Finally, we compare our framework against Polymer, the only NUMA-optimized graph processing framework we are aware of. It also embraces the design philosophy of distributed systems, and is developed on top of Ligra, a shared-memory graph processing framework. The key difference between Polymer and our work is, Polymer does vertex-cut partitioning [17], while we do edge-cut partitioning. In vertex-cut partitioning, a single vertex is partitioned among multiple nodes. This requires replicating the vertices on multiple nodes. But, it enables distributing the computation on a single vertex over multiple NUMA nodes. This is especially beneficial for highly skewed real-world power-law graphs where few vertices have millions of edges associated with them.

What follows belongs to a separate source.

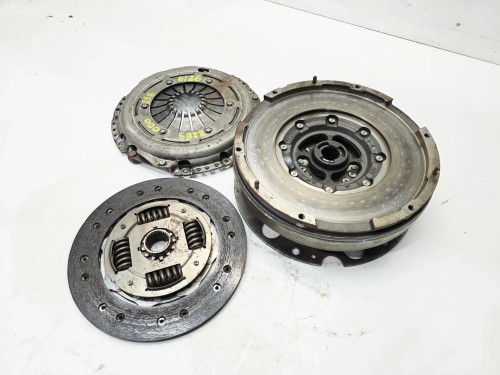 KOŁO DWUMASOWE SPRZĘGŁO AUDI A4 B8 A5 2.0 TDI TFSI 2289000298 4/26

This technique further provides the advantage of placing only those edges on a partition whose destination vertex is also local to the partition, thereby both the source and the destination vertices are local. This reduces the number of remote memory accesses. Polymer implements push-based PageRank and adapts Bellman-Ford algorithm for SSSP. For BFS, it implements Top-Down BFS, and does not supports Direction-Optimized BFS.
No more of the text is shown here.